Problem statement | Up to and including the line with "kissing in front", please set down the entries below exactly, starting from the first line.

____________________

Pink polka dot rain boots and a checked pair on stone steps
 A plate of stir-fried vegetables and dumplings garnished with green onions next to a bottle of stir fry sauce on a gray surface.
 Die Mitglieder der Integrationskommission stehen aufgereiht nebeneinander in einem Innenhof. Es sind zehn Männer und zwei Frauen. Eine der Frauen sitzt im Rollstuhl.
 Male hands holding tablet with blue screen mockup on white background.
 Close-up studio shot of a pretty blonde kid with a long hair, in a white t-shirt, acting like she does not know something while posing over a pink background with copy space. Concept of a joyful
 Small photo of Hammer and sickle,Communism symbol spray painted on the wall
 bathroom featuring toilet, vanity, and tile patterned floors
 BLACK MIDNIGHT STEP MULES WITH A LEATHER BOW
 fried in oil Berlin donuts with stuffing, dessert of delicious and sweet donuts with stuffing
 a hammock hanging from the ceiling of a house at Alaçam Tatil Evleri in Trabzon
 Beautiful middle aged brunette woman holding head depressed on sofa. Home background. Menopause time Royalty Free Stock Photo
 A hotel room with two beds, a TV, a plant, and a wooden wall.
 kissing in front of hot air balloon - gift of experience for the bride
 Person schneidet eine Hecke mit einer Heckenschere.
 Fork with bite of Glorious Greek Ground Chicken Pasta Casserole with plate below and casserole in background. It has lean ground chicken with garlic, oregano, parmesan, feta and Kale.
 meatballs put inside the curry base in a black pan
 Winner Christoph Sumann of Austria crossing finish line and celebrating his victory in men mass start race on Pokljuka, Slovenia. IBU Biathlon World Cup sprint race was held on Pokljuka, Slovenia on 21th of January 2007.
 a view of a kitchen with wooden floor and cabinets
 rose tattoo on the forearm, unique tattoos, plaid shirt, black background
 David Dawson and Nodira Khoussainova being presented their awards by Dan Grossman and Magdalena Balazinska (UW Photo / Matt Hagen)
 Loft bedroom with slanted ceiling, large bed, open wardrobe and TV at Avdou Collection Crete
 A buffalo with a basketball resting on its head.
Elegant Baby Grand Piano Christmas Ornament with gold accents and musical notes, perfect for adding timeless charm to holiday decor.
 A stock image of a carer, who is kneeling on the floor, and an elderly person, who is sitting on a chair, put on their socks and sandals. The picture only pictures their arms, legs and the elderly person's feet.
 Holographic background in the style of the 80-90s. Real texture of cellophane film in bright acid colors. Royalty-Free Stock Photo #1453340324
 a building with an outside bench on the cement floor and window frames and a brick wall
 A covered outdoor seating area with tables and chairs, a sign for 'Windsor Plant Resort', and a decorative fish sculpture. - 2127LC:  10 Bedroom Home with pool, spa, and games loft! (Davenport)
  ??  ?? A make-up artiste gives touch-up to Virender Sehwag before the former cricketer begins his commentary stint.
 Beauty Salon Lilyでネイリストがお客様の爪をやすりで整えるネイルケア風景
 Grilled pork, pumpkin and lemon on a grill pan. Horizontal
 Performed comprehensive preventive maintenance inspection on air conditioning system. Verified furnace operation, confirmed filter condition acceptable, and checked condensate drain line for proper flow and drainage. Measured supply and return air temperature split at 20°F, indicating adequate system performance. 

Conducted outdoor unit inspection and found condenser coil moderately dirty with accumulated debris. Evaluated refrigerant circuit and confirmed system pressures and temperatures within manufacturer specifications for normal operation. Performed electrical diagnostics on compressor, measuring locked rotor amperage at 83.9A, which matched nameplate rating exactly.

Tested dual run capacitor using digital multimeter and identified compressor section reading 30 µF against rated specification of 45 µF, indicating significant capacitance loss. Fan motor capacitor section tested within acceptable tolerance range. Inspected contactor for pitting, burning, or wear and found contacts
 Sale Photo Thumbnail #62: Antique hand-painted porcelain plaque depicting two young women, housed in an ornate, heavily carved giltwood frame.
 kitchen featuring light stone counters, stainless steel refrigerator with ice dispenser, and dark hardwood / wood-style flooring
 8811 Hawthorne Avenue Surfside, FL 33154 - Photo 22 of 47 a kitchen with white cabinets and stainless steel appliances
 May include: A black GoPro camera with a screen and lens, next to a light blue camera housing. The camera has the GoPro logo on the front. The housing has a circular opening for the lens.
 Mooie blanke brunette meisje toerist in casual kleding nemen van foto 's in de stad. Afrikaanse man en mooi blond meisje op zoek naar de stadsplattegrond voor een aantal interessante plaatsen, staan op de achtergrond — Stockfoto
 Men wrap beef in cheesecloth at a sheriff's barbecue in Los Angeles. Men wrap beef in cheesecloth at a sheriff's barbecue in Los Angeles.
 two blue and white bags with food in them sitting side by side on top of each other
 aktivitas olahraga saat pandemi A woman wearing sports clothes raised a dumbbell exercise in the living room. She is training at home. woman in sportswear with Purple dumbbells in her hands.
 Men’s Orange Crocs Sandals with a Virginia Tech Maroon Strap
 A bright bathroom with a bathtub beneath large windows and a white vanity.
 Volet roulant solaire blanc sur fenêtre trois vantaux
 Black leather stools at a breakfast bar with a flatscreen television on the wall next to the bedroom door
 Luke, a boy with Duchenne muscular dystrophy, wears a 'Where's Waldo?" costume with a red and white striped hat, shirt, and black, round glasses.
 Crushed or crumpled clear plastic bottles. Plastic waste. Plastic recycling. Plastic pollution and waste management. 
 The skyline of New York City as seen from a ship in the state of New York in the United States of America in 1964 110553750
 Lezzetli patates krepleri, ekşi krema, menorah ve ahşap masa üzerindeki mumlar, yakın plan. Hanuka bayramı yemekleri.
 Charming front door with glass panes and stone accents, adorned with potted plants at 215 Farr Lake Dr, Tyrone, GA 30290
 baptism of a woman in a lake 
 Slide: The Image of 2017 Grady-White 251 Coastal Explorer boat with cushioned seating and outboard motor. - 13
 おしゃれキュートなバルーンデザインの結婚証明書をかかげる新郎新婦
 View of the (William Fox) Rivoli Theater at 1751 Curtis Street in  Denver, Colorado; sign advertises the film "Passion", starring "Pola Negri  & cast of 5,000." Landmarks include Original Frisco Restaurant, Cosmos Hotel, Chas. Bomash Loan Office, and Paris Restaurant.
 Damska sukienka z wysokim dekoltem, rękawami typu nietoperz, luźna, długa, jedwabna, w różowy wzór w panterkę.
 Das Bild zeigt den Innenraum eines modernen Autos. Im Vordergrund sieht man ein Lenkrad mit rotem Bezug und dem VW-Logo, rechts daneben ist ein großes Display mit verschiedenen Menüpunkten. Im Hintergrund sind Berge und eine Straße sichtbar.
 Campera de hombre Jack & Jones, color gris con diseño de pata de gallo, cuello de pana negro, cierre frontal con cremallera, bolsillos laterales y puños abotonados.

____________________

Worked solution |
Pink polka dot rain boots and a checked pair on stone steps
 A plate of stir-fried vegetables and dumplings garnished with green onions next to a bottle of stir fry sauce on a gray surface.
 Die Mitglieder der Integrationskommission stehen aufgereiht nebeneinander in einem Innenhof. Es sind zehn Männer und zwei Frauen. Eine der Frauen sitzt im Rollstuhl.
 Male hands holding tablet with blue screen mockup on white background.
 Close-up studio shot of a pretty blonde kid with a long hair, in a white t-shirt, acting like she does not know something while posing over a pink background with copy space. Concept of a joyful
 Small photo of Hammer and sickle,Communism symbol spray painted on the wall
 bathroom featuring toilet, vanity, and tile patterned floors
 BLACK MIDNIGHT STEP MULES WITH A LEATHER BOW
 fried in oil Berlin donuts with stuffing, dessert of delicious and sweet donuts with stuffing
 a hammock hanging from the ceiling of a house at Alaçam Tatil Evleri in Trabzon
 Beautiful middle aged brunette woman holding head depressed on sofa. Home background. Menopause time Royalty Free Stock Photo
 A hotel room with two beds, a TV, a plant, and a wooden wall.
 kissing in front of hot air balloon - gift of experience for the bride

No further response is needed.